EXERCISE DESCRIPTION :: The required output is every line from the one containing "Front cover_General View" through the last line of the listing below, copied exactly, pictures excluded.

GIVEN DATA ::
# # # # #

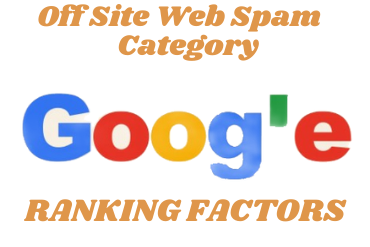 Google ranking factors under off site web spam category
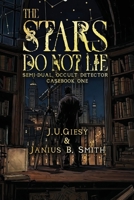The Stars Do Not Lie: Semi-Dual, Occult Detector Casebook One B0GVGRCVLL Book Cover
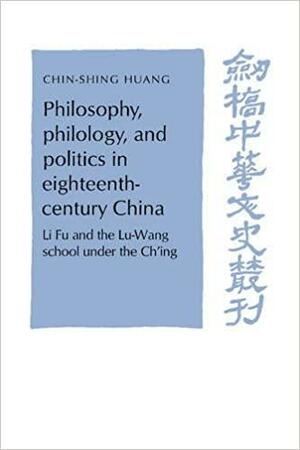 Philosophy, Philology, and Politics in Eighteenth-Century China: Li Fu and the Lu-Wang School Under the Ch'ing by Chin-shing Huang, Patrick Hannan, Denis C. Twitchett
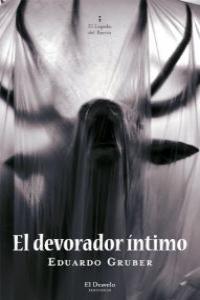El devorador ¡ntimo, de EDUARDO GRUBER | portada del libro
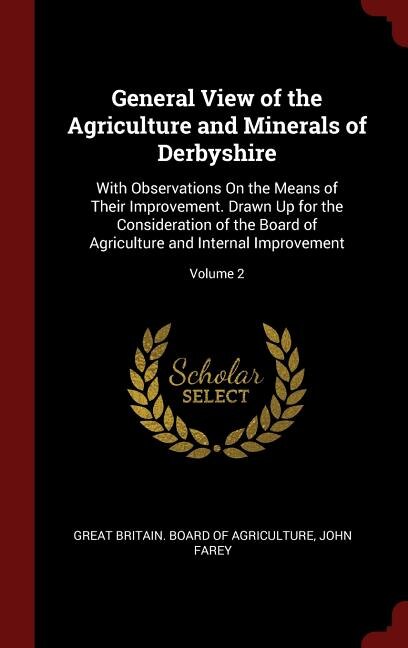Front cover_General View of the Agriculture and Minerals of Derbyshire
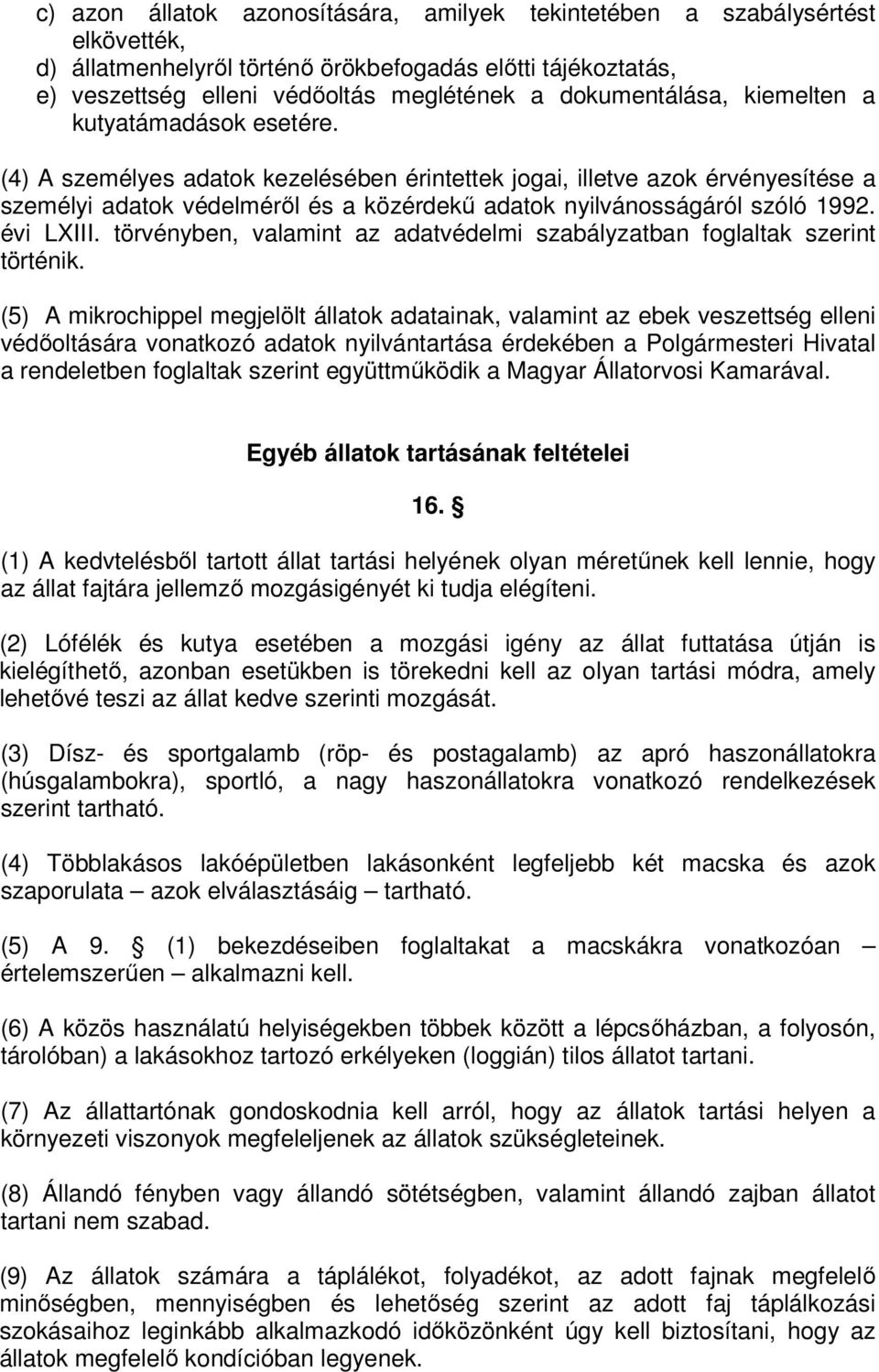 (4) A személyes adatok kezelésében érintettek jogai, illetve azok érvényesítése a személyi adatok védelméről és a közérdekű adatok nyilvánosságáról szóló 1992. évi LXIII.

# # # # #

SOLUTION TO THIS EXERCISE ::
Front cover_General View of the Agriculture and Minerals of Derbyshire
 (4) A személyes adatok kezelésében érintettek jogai, illetve azok érvényesítése a személyi adatok védelméről és a közérdekű adatok nyilvánosságáról szóló 1992. évi LXIII.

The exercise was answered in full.